1. "Informe-se. Proteja-se do caos financeiro."
2. Estas palavras não foram ditas por nenhum comentador televisivo especializado, desses que parecem sempre empenhados em garantir-nos que vivemos alegremente no inferno (talvez tenham razão...). Também não provêm de nenhum debate de pesado moralismo pedagógico, desses que partem do princípio que o apocalipse já aconteceu, não tendo sobrado mais nada a não ser o altar televisivo... Nada disso: estão num anúncio de uma firma que vende ouro (Ouro Cash) e são proferidas por um profissional da rádio e do espectáculo (António Sala), identificado em nome próprio. São palavras que justificam uma breve reflexão.
3. Escusado será dizer que qualquer discussão sobre a firma citada e a pessoa que, publicitariamente, lhe dá voz é irrelevante — uma e outro estão a exercer direitos legítimos de promoção e trabalho.

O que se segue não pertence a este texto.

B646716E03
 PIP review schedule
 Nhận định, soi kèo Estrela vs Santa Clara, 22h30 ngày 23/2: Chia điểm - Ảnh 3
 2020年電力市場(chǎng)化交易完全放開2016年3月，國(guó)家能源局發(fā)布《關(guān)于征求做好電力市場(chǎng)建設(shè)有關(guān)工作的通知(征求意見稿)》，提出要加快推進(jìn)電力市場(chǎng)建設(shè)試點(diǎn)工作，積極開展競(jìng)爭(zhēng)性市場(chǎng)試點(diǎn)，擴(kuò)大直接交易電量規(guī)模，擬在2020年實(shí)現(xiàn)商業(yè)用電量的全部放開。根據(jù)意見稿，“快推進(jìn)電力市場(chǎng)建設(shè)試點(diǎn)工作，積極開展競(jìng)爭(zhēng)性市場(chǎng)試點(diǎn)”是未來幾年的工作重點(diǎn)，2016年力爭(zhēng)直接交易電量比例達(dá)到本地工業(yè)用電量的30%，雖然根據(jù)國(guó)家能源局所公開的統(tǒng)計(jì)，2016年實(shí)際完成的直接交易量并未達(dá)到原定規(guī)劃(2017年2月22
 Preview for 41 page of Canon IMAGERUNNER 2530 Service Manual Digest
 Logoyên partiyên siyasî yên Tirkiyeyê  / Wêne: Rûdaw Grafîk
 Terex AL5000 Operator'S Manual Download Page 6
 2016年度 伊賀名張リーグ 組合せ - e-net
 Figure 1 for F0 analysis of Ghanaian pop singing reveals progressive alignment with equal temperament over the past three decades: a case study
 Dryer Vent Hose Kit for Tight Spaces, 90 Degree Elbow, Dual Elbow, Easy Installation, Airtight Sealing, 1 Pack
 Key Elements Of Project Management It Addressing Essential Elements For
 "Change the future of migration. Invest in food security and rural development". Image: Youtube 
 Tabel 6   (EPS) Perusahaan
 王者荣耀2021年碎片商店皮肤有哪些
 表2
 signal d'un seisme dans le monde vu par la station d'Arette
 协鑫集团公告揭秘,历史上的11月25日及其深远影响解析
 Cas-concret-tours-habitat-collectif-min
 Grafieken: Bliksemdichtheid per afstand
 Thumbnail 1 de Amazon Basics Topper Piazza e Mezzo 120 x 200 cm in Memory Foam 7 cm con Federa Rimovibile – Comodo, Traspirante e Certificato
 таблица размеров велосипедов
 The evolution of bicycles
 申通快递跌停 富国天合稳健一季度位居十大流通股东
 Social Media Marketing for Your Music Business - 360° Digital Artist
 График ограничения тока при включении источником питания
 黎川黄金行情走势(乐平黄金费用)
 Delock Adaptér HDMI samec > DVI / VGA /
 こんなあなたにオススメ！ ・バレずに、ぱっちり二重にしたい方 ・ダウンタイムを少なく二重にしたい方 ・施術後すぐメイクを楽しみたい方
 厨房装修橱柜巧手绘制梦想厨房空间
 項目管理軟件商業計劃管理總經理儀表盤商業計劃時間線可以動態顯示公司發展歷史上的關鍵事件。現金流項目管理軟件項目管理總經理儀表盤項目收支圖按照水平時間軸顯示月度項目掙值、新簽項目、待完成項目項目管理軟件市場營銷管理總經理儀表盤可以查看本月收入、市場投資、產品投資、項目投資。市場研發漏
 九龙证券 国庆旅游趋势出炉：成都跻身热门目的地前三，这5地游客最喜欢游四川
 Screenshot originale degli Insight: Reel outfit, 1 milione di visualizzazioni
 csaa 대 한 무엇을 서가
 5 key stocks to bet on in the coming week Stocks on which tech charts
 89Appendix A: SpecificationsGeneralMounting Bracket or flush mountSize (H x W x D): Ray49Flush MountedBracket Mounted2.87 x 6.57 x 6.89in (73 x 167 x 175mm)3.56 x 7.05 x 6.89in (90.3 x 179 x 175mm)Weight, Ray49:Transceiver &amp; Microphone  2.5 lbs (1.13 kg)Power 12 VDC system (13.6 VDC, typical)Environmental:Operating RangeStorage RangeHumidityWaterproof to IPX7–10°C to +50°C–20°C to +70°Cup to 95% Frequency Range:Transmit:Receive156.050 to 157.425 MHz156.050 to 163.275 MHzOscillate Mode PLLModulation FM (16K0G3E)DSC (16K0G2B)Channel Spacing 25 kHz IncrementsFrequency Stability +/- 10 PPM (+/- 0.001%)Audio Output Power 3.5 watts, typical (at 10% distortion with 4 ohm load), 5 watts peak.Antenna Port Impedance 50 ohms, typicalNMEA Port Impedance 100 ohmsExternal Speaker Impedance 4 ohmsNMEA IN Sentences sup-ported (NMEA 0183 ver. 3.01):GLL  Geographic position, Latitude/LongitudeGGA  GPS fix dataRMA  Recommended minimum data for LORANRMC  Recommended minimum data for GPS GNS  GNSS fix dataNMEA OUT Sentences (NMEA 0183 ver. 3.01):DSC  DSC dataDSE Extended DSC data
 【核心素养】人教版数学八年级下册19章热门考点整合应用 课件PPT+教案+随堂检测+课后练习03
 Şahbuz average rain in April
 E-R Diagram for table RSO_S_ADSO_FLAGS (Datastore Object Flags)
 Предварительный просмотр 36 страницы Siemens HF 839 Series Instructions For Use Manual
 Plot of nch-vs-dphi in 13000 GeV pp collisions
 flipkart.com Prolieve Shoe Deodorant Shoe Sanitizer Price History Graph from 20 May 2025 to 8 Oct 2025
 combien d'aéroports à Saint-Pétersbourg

4. A questão é outra. E tem a ver com o triunfante populismo que invadiu o espaço televisivo português. O que está em causa, insisto, não é a legitimidade do gesto nem a idoneidade seja de quem for. O que está em causa é esta banalização da televisão como confessionário do povo, a ponto de uma figura do entertainment vir assumir um discurso (publicitário) elaborado a partir de uma infeliz postura de aconselhamento "popular": "Olá, eu sou o António Sala e vejo o mundo em cada vez mais crises financeiras." Como? Importa-se de repetir?
5. Que a publicidade televisiva — e, claro, o próprio dispositivo televisivo — se assuma como aconselhamento ao domicílio, eis o que diz bem da visão do povo que, todos os dias, é injectada no espaço social. Qual é, então, o modo de existência, não apenas do povo em geral, mas de cada um de nós? Apenas um: estamos todos drasticamente ameaçados e precisamos de ser protegidos por quem se identifica (ou é identificado) como conselheiro popular — a televisão ou o caos, eis a religião triunfante.